**Description of the task:**
Restate word for word the lines beginning with the one that contains "Case Marmol +" and ending at the bottom of the records below, both included.

....

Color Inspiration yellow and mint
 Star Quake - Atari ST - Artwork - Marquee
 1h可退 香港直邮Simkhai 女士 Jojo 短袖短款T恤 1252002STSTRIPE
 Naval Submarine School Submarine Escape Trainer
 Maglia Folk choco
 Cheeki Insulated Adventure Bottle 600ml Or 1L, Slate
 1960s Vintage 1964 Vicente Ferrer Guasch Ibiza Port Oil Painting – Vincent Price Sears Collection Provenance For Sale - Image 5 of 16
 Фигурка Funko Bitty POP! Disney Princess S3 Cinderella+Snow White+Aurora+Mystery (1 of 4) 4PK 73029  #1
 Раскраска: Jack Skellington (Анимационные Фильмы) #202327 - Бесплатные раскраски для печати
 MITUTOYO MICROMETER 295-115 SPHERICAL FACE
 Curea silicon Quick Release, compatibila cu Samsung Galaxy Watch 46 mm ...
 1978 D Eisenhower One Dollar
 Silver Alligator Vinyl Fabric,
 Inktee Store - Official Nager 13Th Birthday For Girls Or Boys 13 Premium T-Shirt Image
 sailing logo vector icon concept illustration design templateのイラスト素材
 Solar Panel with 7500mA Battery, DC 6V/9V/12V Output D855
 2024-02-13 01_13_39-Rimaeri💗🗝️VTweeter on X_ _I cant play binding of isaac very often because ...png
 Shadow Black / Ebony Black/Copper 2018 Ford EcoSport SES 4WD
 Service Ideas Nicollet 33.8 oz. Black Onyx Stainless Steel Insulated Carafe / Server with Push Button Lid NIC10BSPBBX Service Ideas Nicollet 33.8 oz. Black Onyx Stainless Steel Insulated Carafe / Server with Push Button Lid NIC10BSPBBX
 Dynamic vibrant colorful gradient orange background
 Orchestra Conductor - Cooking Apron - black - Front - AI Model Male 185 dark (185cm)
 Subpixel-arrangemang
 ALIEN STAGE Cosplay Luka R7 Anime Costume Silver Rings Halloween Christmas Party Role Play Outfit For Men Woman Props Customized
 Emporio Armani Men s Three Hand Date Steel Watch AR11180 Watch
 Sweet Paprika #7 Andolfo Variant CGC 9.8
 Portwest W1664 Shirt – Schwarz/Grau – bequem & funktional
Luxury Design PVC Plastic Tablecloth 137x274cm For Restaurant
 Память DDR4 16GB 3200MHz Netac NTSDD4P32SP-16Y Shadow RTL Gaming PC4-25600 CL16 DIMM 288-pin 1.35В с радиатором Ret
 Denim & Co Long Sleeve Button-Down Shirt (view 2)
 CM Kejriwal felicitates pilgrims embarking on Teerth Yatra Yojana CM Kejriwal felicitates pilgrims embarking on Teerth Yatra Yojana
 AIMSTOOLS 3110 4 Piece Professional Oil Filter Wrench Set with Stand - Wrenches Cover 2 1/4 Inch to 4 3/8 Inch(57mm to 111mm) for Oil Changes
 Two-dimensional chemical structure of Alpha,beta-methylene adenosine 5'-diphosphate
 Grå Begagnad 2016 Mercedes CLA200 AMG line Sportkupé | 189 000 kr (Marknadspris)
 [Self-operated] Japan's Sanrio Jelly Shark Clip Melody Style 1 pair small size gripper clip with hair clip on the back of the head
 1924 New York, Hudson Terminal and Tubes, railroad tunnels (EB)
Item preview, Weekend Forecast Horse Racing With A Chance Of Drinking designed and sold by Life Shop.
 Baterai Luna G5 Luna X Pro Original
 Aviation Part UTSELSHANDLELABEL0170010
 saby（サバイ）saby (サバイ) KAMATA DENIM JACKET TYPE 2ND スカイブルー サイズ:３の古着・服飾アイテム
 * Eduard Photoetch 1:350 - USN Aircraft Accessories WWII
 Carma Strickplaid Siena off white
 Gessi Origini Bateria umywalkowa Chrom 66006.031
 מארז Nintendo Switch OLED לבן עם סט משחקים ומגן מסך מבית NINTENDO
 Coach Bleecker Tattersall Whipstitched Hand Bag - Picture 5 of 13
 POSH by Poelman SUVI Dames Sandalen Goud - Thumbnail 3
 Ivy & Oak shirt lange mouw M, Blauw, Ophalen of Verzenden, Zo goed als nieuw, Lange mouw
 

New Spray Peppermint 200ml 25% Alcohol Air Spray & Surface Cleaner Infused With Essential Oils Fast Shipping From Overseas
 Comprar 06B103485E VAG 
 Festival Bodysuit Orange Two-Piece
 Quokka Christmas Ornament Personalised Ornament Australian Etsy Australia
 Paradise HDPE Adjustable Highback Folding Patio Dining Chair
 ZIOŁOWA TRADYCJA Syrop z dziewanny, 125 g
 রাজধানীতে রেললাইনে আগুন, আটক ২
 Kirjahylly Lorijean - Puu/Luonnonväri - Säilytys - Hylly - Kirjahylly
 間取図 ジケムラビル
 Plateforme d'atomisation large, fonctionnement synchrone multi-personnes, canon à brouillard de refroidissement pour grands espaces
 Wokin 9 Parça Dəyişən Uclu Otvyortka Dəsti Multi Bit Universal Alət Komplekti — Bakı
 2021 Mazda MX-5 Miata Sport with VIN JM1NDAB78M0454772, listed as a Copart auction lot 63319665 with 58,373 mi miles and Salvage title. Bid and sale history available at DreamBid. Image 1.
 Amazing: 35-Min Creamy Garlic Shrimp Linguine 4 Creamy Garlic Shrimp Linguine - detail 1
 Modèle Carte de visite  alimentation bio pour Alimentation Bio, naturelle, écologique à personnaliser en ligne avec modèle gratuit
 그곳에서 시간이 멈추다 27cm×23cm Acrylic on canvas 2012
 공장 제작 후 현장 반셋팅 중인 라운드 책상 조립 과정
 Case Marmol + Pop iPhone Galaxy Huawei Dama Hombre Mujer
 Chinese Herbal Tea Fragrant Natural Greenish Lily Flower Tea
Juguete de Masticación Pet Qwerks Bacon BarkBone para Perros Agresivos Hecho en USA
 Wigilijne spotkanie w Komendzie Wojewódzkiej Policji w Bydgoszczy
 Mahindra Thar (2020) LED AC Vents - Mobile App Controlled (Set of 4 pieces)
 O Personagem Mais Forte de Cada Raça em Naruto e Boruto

....

**Task response:**
 Case Marmol + Pop iPhone Galaxy Huawei Dama Hombre Mujer
 Chinese Herbal Tea Fragrant Natural Greenish Lily Flower Tea
Juguete de Masticación Pet Qwerks Bacon BarkBone para Perros Agresivos Hecho en USA
 Wigilijne spotkanie w Komendzie Wojewódzkiej Policji w Bydgoszczy
 Mahindra Thar (2020) LED AC Vents - Mobile App Controlled (Set of 4 pieces)
 O Personagem Mais Forte de Cada Raça em Naruto e Boruto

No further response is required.